For some general background, see section 4. Proving Theorems by Symbolic Execution of the basic-tutorial.
By default, GL operates in gl-bdd-mode. In this mode, the Boolean formulas within symbolic-objects are represented using ubdds, and questions about these formulas are resolved using BDD operations.
But GL also supports other modes, and you can easily switch between modes on a proof-by-proof basis. Typically this looks like:
(local (gl::gl-bdd-mode)) (def-gl-thm foo ...) (local (gl::gl-satlink-mode)) (def-gl-thm bar ...)
GL's other modes use And-Inverter Graphs (aigs) as the Boolean function representation. Unlike BDDs, AIGs are non-canonical, and this affects performance in fundamental ways: AIGs are generally much cheaper to construct than BDDs, but it can be hard to determine whether AIGs are equivalent, whereas with BDDs this is just a pointer-equality check.
A very convenient feature of AIGs is that you do not have to come up with a good variable ordering—this may be especially helpful on problems where case-splitting would be necessary because there's not a universally good BDD ordering. On the other hand, BDDs can provide especially nice counterexamples, whereas with AIGs we typically get just one, essentially random counterexample.
Performance-wise, AIGs are better for some problems and BDDs for others. Many operations combine bits from data buses in a regular, orderly way; in these cases, there is often a good BDD ordering and BDDs may be faster than our AIG modes. But when the operations are less regular, when no good BDD ordering is apparent, or when case-splitting seems necessary to get good BDD performance, the AIG modes may do better. For many of our proofs, AIG mode performs well and saves us the trouble of finding a good BDD ordering.
When AIGs are used to carry out GL proofs, we need some way to answer whether the final AIG is satisfiable. To do this, GL can use one of two back-end solvers.
Usually the better and higher-performance option is to send the AIG to an external SAT solver; see gl-satlink-mode. In this mode, GL uses the satlink library to call upon an off-the-shelf SAT solver. Using external SAT solvers raises questions of trust, and GL does not yet implement any sort of proof-checking for the SAT solver's output. But pragmatically, for most verification efforts, it is probably reasonable to trust a SAT solver.

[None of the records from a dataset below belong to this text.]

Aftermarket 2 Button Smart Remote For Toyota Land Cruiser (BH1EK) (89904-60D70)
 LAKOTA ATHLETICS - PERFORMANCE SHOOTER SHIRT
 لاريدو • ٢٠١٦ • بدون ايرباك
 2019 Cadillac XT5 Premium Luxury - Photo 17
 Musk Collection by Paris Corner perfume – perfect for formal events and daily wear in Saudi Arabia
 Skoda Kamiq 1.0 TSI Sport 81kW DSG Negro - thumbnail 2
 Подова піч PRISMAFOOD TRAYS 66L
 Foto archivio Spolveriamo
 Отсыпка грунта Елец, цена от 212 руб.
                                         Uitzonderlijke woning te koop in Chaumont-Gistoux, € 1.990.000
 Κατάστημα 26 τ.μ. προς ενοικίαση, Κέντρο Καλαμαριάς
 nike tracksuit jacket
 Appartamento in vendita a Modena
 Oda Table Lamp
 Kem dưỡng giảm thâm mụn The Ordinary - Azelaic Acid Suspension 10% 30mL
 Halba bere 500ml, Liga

Another option is to simply convert the AIG into BDDs; see gl-aig-bddify-mode. This isn't necessarily a good idea, and you still have to worry about the variable order in this case. Occasionally this may out-perform just using BDDs to begin with, because there are certain optimizations you can make when converting from AIGs to BDDs that aren't possible when you just use BDDs for everything. This is also a high-confidence mode, where the whole proof is carried out within ACL2, with just some minimal trust-tags to boost performance.